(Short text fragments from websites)
☆ ☆ ☆

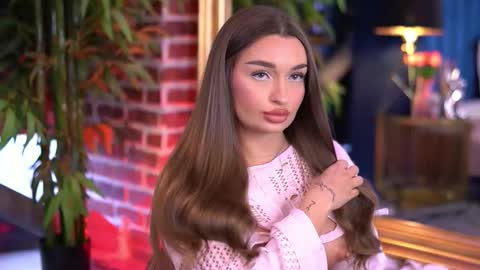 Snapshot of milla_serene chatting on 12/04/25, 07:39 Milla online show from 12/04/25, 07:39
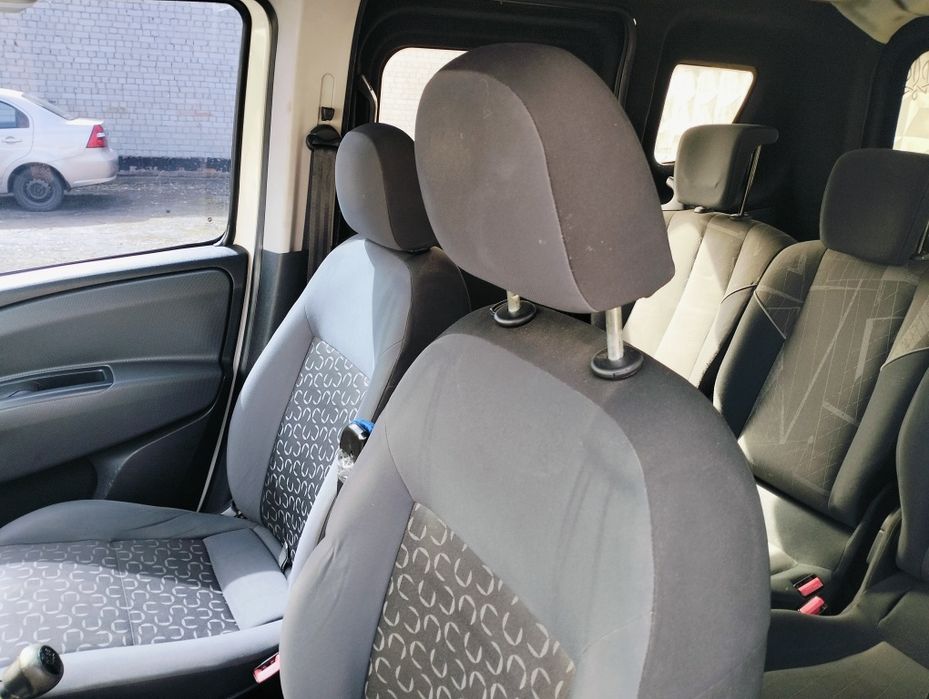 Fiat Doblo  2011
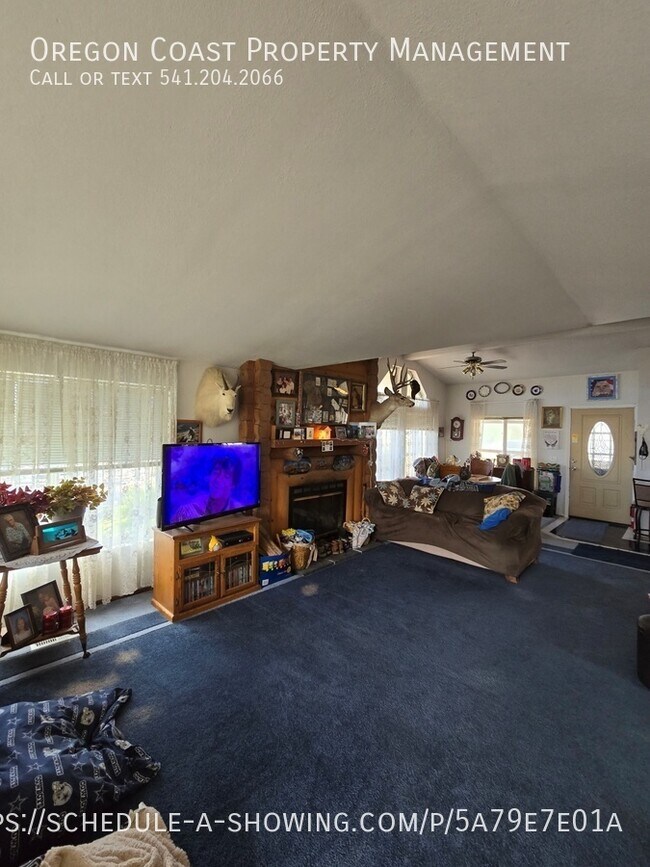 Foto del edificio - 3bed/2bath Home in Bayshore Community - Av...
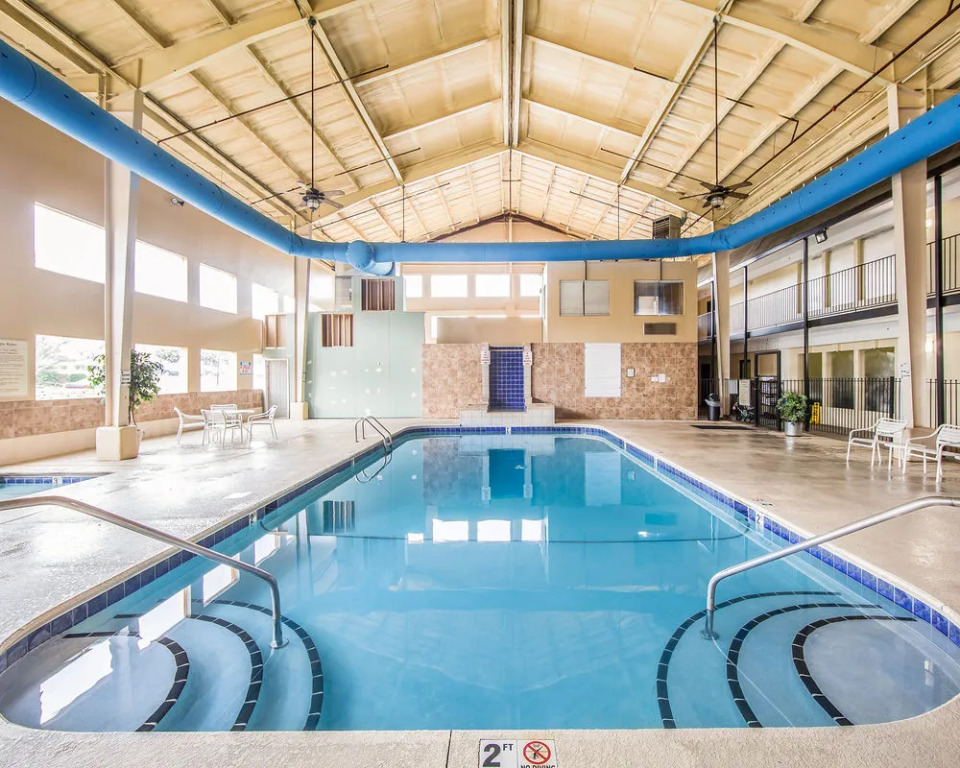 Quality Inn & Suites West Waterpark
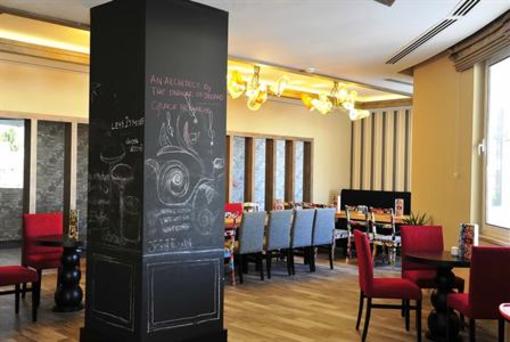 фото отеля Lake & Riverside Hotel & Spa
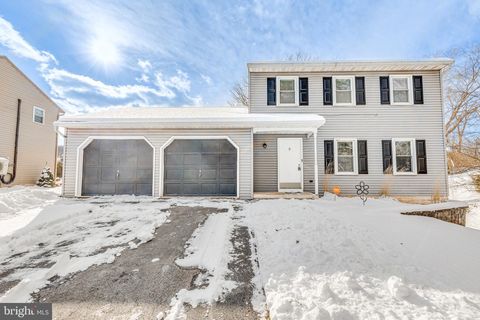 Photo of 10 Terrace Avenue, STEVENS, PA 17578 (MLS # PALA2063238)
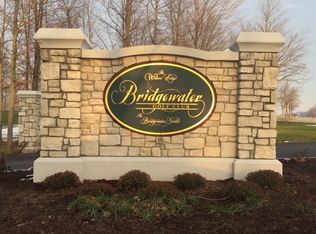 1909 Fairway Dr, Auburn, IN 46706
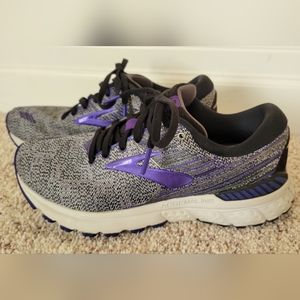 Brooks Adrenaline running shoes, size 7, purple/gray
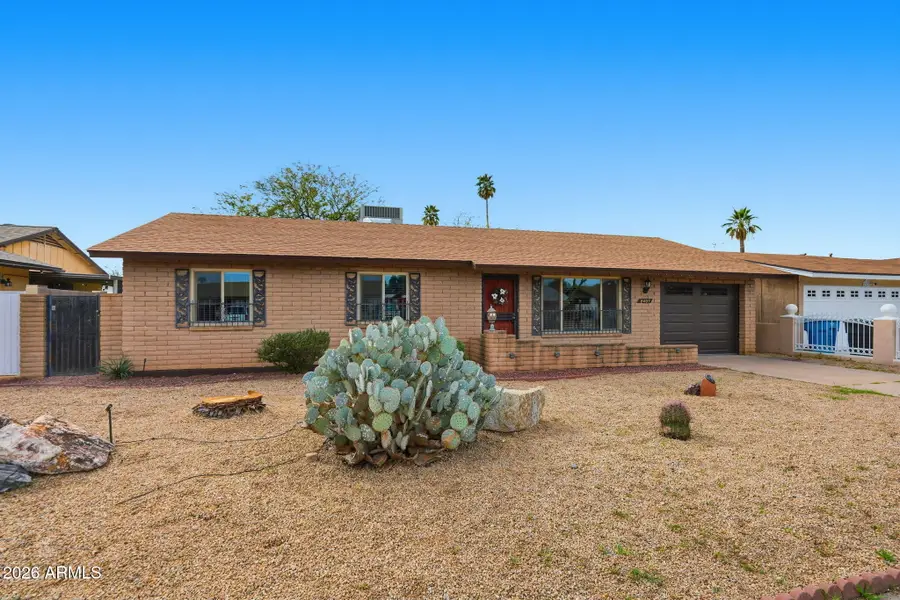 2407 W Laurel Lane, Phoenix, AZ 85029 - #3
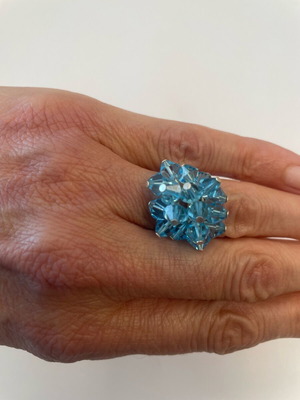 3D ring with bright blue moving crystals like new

☆ ☆ ☆

Reproduce only the lines of the records from the start up to and including the line that holds "1909 Fairway Dr, Auburn, IN 46706"; do not carry over any picture.

 Snapshot of milla_serene chatting on 12/04/25, 07:39 Milla online show from 12/04/25, 07:39
 Fiat Doblo  2011
 Foto del edificio - 3bed/2bath Home in Bayshore Community - Av...
 Quality Inn & Suites West Waterpark
 фото отеля Lake & Riverside Hotel & Spa
 Photo of 10 Terrace Avenue, STEVENS, PA 17578 (MLS # PALA2063238)
 1909 Fairway Dr, Auburn, IN 46706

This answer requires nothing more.